_EXERCISE DETAILS_
Copy the data exactly as it appears, and do not include any pictures.

_SUPPLIED MATERIAL_
:::

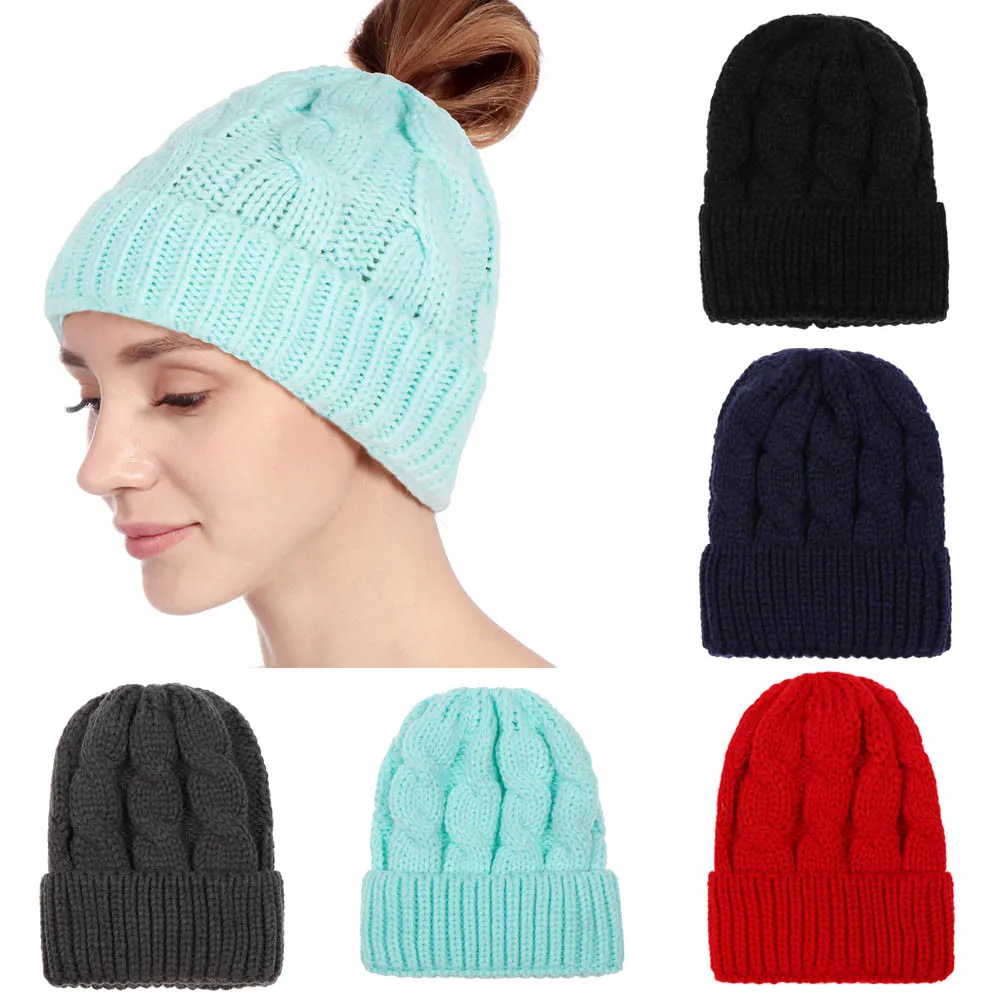 Новинка, модная женская однотонная Вязаная Зимняя шерстяная вязаная шапка с хвостиком, Se25 40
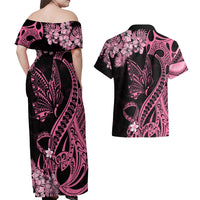 Personalised Polynesian Floral Butterfly Couples Matching Off Shoulder Maxi Dress and Hawaiian Shirt Breast Cancer Pink Ribbon LT9 - Wonder Print Shop
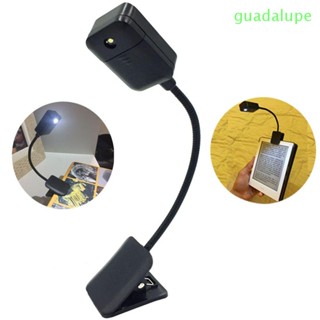 Guadalupe ไฟฉาย LED แบบคลิปหนีบ ขนาดเล็ก สามารถปรับได้ สําหรับอ่านหนังสือ แท็บเล็ต PC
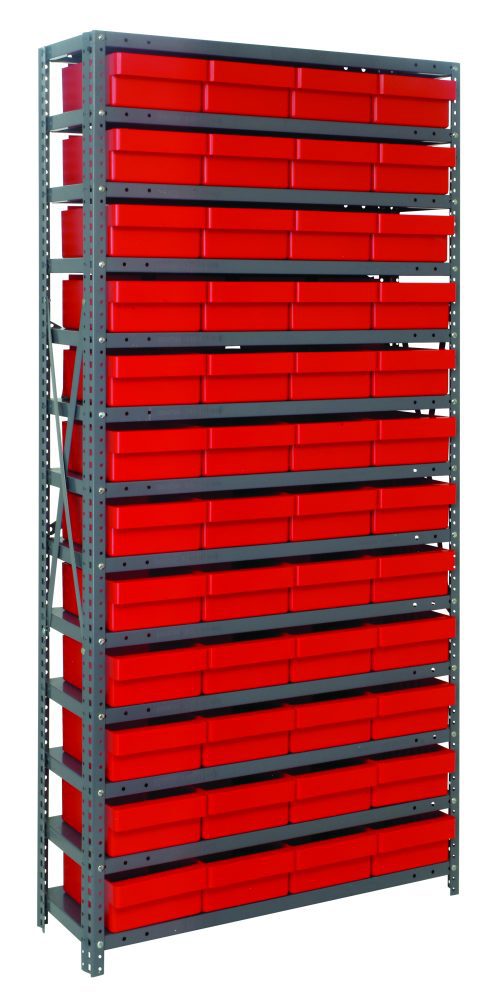 The Quantum Shelving Unit is a tall, galvanized steel design with dimensions of 12D x 36L x 75H. It features 13 heavy-duty shelves, each with a 400 lb load capacity, and includes 48 red-black bins for organized storage solutions.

:::

_ANSWER BELOW_
 Новинка, модная женская однотонная Вязаная Зимняя шерстяная вязаная шапка с хвостиком, Se25 40
 Personalised Polynesian Floral Butterfly Couples Matching Off Shoulder Maxi Dress and Hawaiian Shirt Breast Cancer Pink Ribbon LT9 - Wonder Print Shop
 Guadalupe ไฟฉาย LED แบบคลิปหนีบ ขนาดเล็ก สามารถปรับได้ สําหรับอ่านหนังสือ แท็บเล็ต PC
 The Quantum Shelving Unit is a tall, galvanized steel design with dimensions of 12D x 36L x 75H. It features 13 heavy-duty shelves, each with a 400 lb load capacity, and includes 48 red-black bins for organized storage solutions.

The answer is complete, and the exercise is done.